Maybe not the only church, but the only church I've had experience with to this degree. I've had other members of different churches come by before - a few months ago it was an elderly couple who wanted to read me scripture and give me some literature. I politely let them read and nicely declined their pamphlets. They got the hint that I wasn't interested and thanked me for being nice about it. They accepted my stance and it was a pleasant interaction.

I have no issue with people living the beliefs they hold - that's not the problem here. It's understanding that once I decline (or twice, three time, even!) that my choice is respected.

My feelings about the LDS church might be somewhat different if my interactions were the same - accept that my beliefs have changed and we go along our merry ways rather than continually trying to change my views - over the course of 12 years.

The LDS are very good at record keeping - they even had information about Bill on my Ordinance Summary. It's a shame that a simple note on those records about not returning can't be made and a long drawn-out process has to be done to get them to stop.

I do not think that using the term "stalking" is overstated:

Main Entry: 2stalk
Function: verb

intransitive verb 1 : to pursue quarry or prey stealthily

Seems to be the right use of the verb to me.

Joe Skeptic said...

I already thought the LDS was fascinating, Kristin, as I ready your post I'm even more intrigued.

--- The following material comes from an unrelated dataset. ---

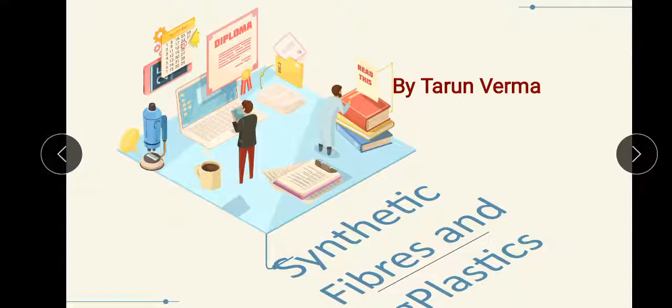Welcome everyone, myself Tanan Nurma. Today the topic of our class is Synthetic Fiber and Plastic. This chapter is taken from Class 8th NCERT. So without getting late, let's start with the introduction of synthetic fiber.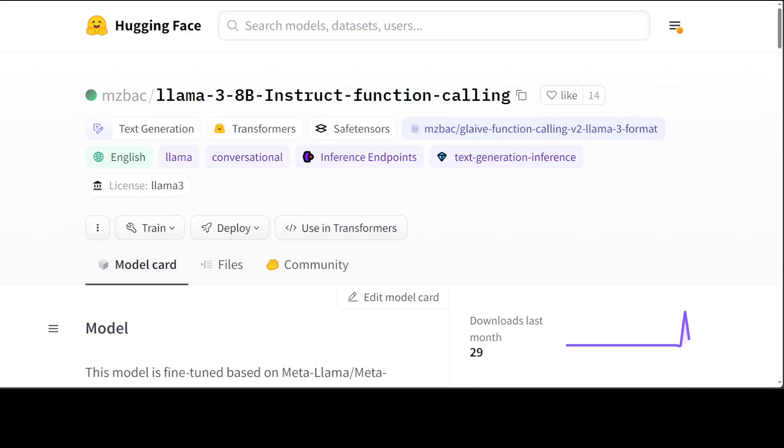Function calling enables a large language model to access external APIs. With the help of function calling or tool calling, a large language model can access outside weather, stock options or stock prices, and various other APIs which are either hosted within your on-prem or externally on the web.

I'm also insulted, the Catholic Church has made zero effort stalking me. I actually think they were glad I left. Bastards.

Ashley said...

I'm pretty amazed that when people want to defend something, they have to remain anonymous. If you're so proud and defensive of your church, then pull up your big kid panties and talk about it like an adult. I can't imagine Kristin getting hateful to someone who makes an effort to put themselves out there.

Anyways.

I of course agree with you Kristin, and I know we've talked about it before. BUT. The whole time I've lived out here (4 years or so), I've had a difficult time making friends that I trusted, as this small town thing is totally foreign to me. My visiting teachers asked to visit, and I reluctantly said yes. But now, I have 4 of the best girl friends I've had in a looooong time. They're all active, but they're so nice and sweet and helpful and caring, etc. They came along at just the right time, and have helped me out so much. They never ever ever pressure me about going to church, never even bring it up. Their husbands are amazing and come help me with the yard or whatever. They include me in family dinners, (I was invited to 2 separate ones just for thanksgiving), parties, and just to hang out. Their kids love Paisley, and she in turn loves them. They don't judge me when I wear my short skirts/shorts, nose ring, pink hair, etc.

I don't know what my point is, just that I've been really impressed the past few months with my new friends. And in no way do I want to go back to church!!!

Ashley said...

Forgot to mention- you can get the missionaries to do your yardwork, and then they can't even come in your house (as long as Bill isn't there)!